▶ [PROBLEM REQUIREMENTS]:
After locating the line with "Just a couple", repeat it and every following line to the end of the listing, exactly. Omit the pictures.

▶ [DATASET EXCERPT]:
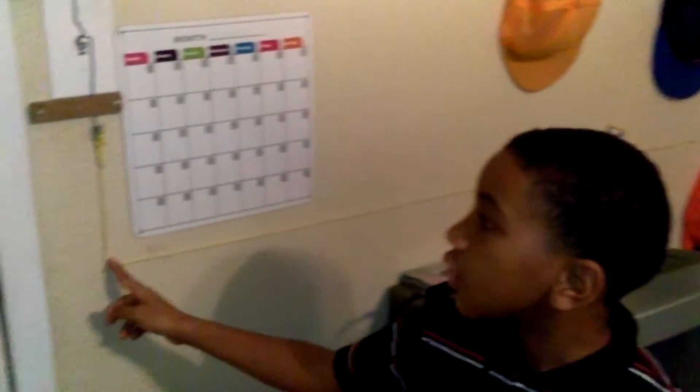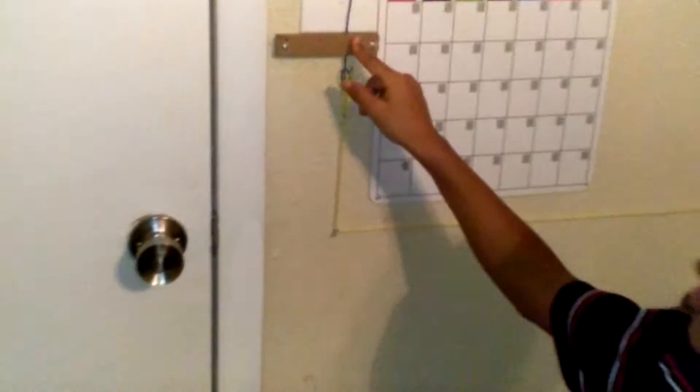My name is D'Andre and I'm going to tell you about my simple machine and the things I used to make my simple machine. I used circle screws, wood, wire, and regular screws.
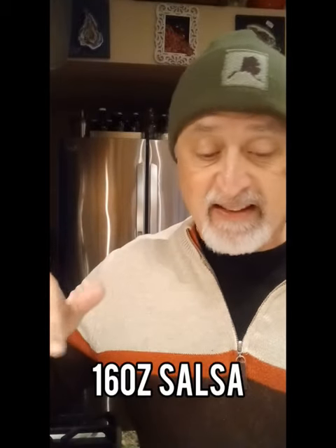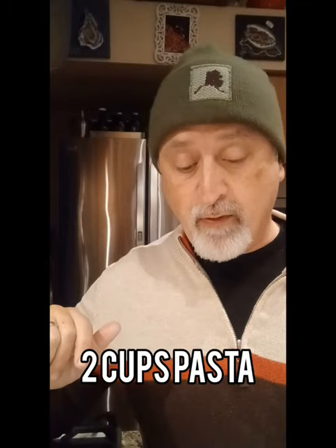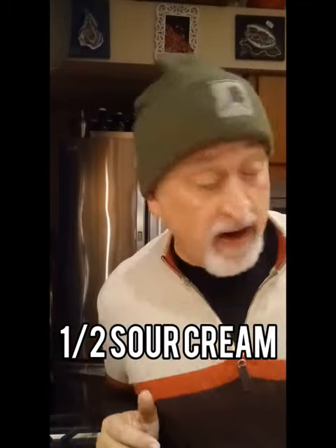Just a couple of things — I'm going to let you know what's going in tonight. We're doing a pound of ground beef, 16 ounces of salsa, two cups of wagon wheel pasta, and a half a cup of sour cream.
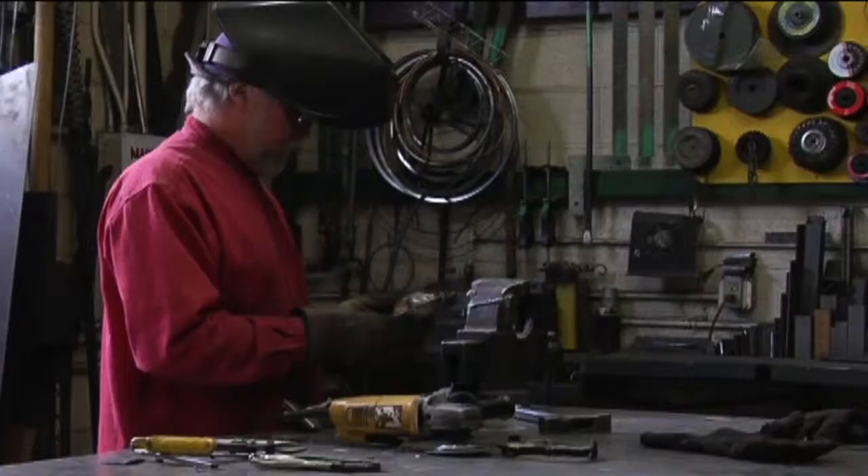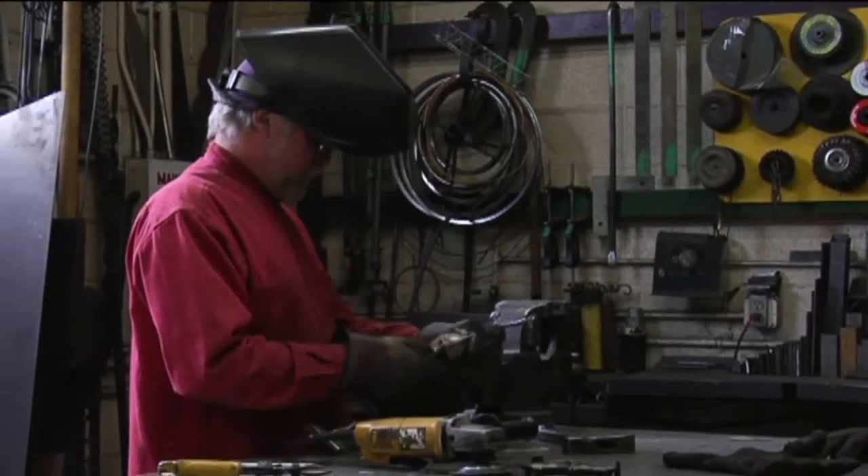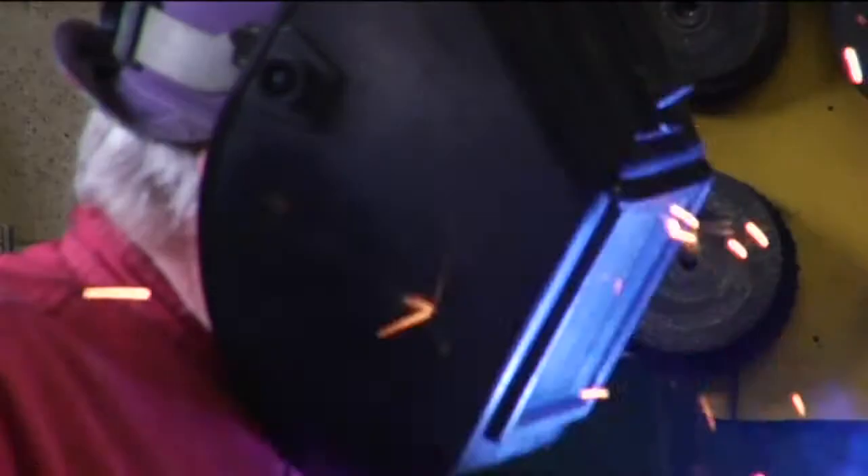I did construction 20 years before this and kind of learned how to weld and whatnot — a little bit mechanical. I just like putting stuff together.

▶ [RESULT FOR THIS TASK]:
Just a couple of things — I'm going to let you know what's going in tonight. We're doing a pound of ground beef, 16 ounces of salsa, two cups of wagon wheel pasta, and a half a cup of sour cream.
I did construction 20 years before this and kind of learned how to weld and whatnot — a little bit mechanical. I just like putting stuff together.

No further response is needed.